I don’t think we need to explore Kafka’s “fundamental metaphysical fear, uncertainty, and alienation” to understand the central image of “Metamorphosis”–
“My-parents-stopped-seeing-me-as-their-darling-son-and-started-seeing-me-as-a-hideous-bug!”


My own delightful children never make me think about hideous bugs, except maybe when Mira gives me cool insectoid presents or Amity blogs about beetles rolling balls of dung by moonlight!


Tags: Life, the universe, and everything

In these shoes?

July 14th, 2003 · 4 Comments

Spike: Silver sandal with 6 inch stiletto heel.


In honor of poor Halley’s wounded foot, let’s remember that hobbling around can be quite glamorous.

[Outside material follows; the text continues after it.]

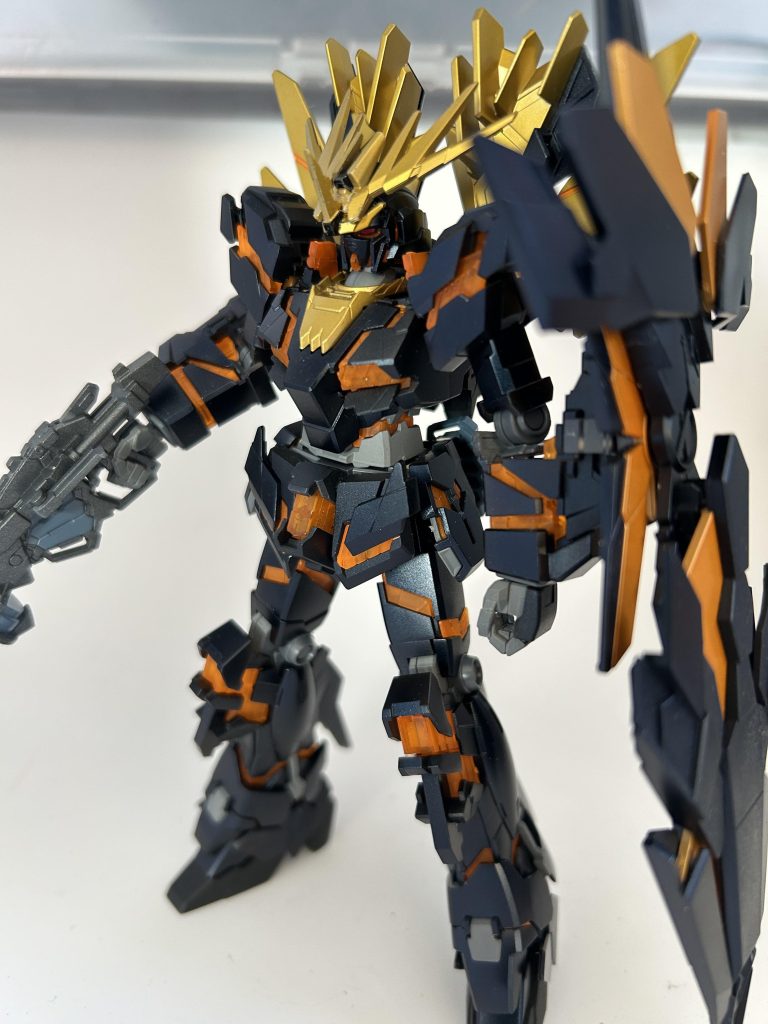 外装はガイアのプリズムブルーブラックで塗装。サイコフレームはゴールドにクリアオレンジと蛍光オレンジを重ね塗りしましたので、結構オレンジが強くなってしまいました。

I once met a man with a sense of adventure–
He was dressed to thrill wherever he went–
He said, “Let’s make love on a mountain top
Under the stars on a big hard rock”
I said, “In these shoes?
I don’t think so.”
I said, “Honey, let’s do it here.”

So I’m sitting at a bar in Guadalajara
In walks a guy with a faraway look in his eyes
He said, “I’ve got as powerful horse outside
Climb on the back, I’ll take you for a ride
I know a little place, we can get there for the break of day.”
I said, “In these shoes?
No way, Jose.”
I said, “Honey, let’s stay right here.”

No le gusta caminar–no puede montar a caballo.
Como se puede bailar? Es un escandolo.*

Then I met an Englishman
“Oh” he said,
“Won’t you walk up and down my spine?
It makes me feel strangely alive.”
I said, “In these shoes?
I doubt you’d survive.”
I said, “Honey, let’s do it.
Let’s stay right here.”

No le gusta caminar–no puede montar a caballo.
Como se puede bailar? Es un escandolo.

…………………..
* She doesn’t like to walk–she can’t ride a horse–how can she dance? It’s a scandal.